El siglo XX temía el
autoritarismo que venía de arriba; el presente teme el que brota de abajo. Las
pasiones que movilizaron a los patriotas del Tea Party, a los milicianos
armados y a los creyentes en teorías conspirativas son versiones modernas del
viejo excepcionalismo americano: la convicción de que la libertad individual
justifica cualquier desobediencia. En este nuevo guion, los conspiradores ya no
son generales ni espías, sino ciudadanos que se creen elegidos para salvar la
nación de su propio gobierno.
La historia de los intentos de
golpe en Estados Unidos es más rica de lo que sugiere su mito democrático. En
1933, apenas tres años después del crack del 29, un grupo de empresarios
y banqueros descontentos con el New Deal intentó reclutar al general Smedley Butler —héroe de guerra condecorado— para liderar un levantamiento contra
Franklin D. Roosevelt. El plan, conocido como el Business Plot o Wall Street
Putsch, buscaba instaurar una dictadura corporativa que detuviera el avance del
Estado social. Butler los denunció ante el Congreso y el golpe nunca se
materializó, pero la semilla de la sospecha germinó.
Décadas después, Eisenhower —el
general que había derrotado al nazismo— advirtió en su discurso de despedida
contra el “complejo militar-industrial”, esa alianza de intereses económicos,
políticos y bélicos que podía llegar a controlar el país desde dentro. No
hablaba de un golpe visible, sino de una toma de poder paulatina, disfrazada de
patriotismo y progreso tecnológico. En cierto modo, el verdadero golpe
americano ha sido siempre silencioso, burocrático y rentable.
Si Siete días de mayo
imaginaba el golpe como una cuestión de lealtad y disciplina, La conjura
contra América lo planteaba como un problema de fe colectiva. El fascismo
de Lindbergh no imponía la obediencia por la fuerza, sino por el deseo de
creer. Esa es quizá la mayor debilidad de la democracia estadounidense: su
tendencia a confundir el optimismo con la verdad. El mito de la libertad
individual —ese motor cultural que construyó el país— se vuelve contra él
cuando cada ciudadano cree que su libertad está por encima de la ley.
La televisión, como en todo
relato americano, tuvo un papel decisivo. Cuando Nixon perdió las elecciones de
1960 ante Kennedy, se dijo que la culpa fue de la cámara: el senador lucía
joven, lozano y confiado; el vicepresidente, pálido, sudoroso y sin afeitar.
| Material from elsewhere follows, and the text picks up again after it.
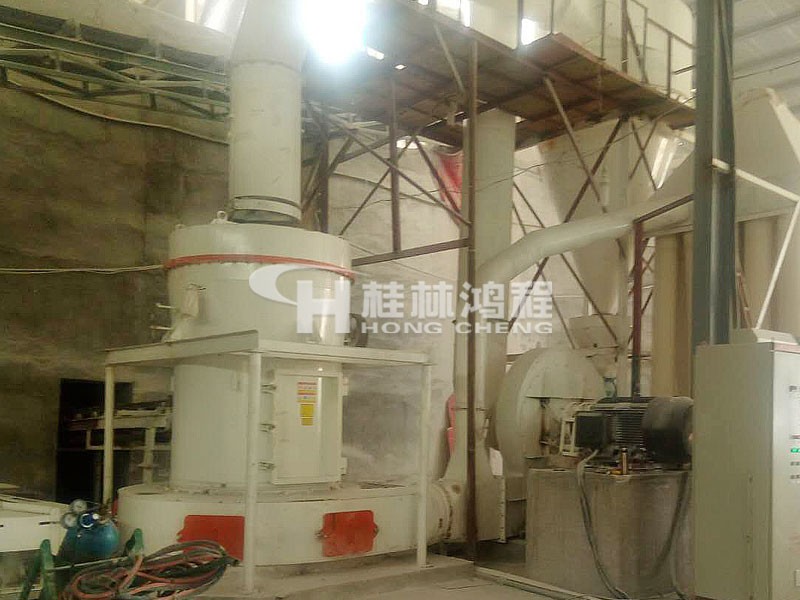 桂林鴻程鉀長石粉加工廠,小型鉀長石粉碎設(shè)備,磨鉀長石粉的機(jī)器 桂林鴻程鉀長石粉加工廠,小型鉀長石粉碎設(shè)備,磨鉀長石粉的機(jī)器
La
democracia moderna ya no se jugaba en los despachos, sino en los platós.
Sesenta años después, el campo de
batalla se trasladó a los teléfonos. Las redes sociales, que prometían una
revolución democrática, se convirtieron en fábricas de fe, donde cada grupo
fabrica su propia realidad y su propio enemigo. En ese contexto, el golpe del
siglo XXI no necesita generales ni tanques: basta con deslegitimar la verdad.
El golpe, en realidad, ya ha
ocurrido muchas veces. Ocurre cada vez que un candidato pone en duda el
resultado electoral sin pruebas, cada vez que una turba amenaza a un
funcionario público, cada vez que un periodista recibe amenazas por informar.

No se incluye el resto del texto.